> What you should do
Where the records below show a line containing "Glitinsel 24 Pcs", start copying; end with the line containing "ACTISOM Celoten paket", and copy it too.

> Given entries
○ ○ ○ ○ ○
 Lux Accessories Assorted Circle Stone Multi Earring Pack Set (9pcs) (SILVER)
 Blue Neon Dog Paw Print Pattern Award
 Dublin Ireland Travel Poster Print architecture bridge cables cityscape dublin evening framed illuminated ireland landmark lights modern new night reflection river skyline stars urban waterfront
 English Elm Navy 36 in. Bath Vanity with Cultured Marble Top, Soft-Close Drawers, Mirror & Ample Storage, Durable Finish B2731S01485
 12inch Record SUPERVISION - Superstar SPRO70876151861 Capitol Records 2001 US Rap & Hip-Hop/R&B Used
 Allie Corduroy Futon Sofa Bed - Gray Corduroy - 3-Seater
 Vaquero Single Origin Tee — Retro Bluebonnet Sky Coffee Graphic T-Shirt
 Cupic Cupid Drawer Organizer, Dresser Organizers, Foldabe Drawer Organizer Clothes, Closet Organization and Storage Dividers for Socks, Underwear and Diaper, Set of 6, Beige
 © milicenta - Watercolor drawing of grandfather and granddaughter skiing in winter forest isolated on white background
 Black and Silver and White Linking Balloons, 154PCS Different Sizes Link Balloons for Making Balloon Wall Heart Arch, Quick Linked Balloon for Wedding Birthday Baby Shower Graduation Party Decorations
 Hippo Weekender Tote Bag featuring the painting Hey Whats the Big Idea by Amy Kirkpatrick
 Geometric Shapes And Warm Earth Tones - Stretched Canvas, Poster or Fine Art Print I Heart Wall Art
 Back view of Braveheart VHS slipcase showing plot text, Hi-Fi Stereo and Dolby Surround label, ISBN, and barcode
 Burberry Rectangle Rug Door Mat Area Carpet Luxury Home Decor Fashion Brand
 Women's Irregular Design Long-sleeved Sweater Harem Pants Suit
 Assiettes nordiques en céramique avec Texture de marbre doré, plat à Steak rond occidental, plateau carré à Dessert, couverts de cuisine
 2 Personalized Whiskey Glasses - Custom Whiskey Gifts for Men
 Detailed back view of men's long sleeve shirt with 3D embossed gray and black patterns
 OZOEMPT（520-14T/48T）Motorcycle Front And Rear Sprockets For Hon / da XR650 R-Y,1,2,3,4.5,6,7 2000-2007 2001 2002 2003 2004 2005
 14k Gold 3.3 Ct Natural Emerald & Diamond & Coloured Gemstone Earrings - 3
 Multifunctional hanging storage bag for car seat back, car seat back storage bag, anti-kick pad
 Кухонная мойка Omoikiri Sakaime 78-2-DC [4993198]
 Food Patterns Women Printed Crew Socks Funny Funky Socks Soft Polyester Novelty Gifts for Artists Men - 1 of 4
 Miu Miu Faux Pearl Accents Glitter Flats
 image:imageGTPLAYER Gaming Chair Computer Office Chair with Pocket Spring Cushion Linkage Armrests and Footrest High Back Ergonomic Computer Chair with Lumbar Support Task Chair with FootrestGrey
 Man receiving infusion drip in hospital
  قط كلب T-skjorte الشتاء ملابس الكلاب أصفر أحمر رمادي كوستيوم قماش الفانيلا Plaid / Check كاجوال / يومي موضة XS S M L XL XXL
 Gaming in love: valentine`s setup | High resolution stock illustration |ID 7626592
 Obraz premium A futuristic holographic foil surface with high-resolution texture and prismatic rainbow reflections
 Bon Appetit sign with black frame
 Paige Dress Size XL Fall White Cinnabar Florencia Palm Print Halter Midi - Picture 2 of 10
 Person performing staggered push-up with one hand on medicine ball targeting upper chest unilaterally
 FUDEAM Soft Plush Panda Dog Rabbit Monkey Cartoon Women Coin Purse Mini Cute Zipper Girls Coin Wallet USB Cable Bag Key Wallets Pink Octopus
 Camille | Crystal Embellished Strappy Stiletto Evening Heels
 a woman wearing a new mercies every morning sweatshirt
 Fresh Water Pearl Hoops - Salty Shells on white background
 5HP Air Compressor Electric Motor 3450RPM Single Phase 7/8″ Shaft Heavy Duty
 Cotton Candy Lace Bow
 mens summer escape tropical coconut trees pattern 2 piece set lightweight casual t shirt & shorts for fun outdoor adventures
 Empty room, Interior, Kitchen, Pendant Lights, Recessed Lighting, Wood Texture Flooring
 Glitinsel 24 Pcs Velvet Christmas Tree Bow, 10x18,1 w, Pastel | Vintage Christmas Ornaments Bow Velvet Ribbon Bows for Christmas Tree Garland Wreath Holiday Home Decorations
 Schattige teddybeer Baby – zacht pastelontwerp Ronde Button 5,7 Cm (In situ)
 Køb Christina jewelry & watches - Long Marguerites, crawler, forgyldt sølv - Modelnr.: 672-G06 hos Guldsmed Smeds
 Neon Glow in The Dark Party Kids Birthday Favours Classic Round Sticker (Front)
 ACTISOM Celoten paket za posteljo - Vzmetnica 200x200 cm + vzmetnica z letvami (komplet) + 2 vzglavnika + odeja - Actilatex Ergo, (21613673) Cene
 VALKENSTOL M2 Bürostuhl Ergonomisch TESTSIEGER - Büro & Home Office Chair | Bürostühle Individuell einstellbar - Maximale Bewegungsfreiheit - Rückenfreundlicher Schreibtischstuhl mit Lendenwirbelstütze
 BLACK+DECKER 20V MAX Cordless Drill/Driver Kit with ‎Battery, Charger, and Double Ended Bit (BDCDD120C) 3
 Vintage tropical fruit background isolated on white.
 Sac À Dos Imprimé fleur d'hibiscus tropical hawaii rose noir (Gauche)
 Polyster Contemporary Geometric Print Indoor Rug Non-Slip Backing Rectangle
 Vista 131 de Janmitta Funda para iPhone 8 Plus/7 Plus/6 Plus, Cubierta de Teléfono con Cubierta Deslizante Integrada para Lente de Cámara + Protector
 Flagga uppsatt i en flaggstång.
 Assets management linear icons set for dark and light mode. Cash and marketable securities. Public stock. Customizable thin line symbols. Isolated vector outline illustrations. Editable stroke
○ ○ ○ ○ ○
> Exercise solution
 Glitinsel 24 Pcs Velvet Christmas Tree Bow, 10x18,1 w, Pastel | Vintage Christmas Ornaments Bow Velvet Ribbon Bows for Christmas Tree Garland Wreath Holiday Home Decorations
 Schattige teddybeer Baby – zacht pastelontwerp Ronde Button 5,7 Cm (In situ)
 Køb Christina jewelry & watches - Long Marguerites, crawler, forgyldt sølv - Modelnr.: 672-G06 hos Guldsmed Smeds
 Neon Glow in The Dark Party Kids Birthday Favours Classic Round Sticker (Front)
 ACTISOM Celoten paket za posteljo - Vzmetnica 200x200 cm + vzmetnica z letvami (komplet) + 2 vzglavnika + odeja - Actilatex Ergo, (21613673) Cene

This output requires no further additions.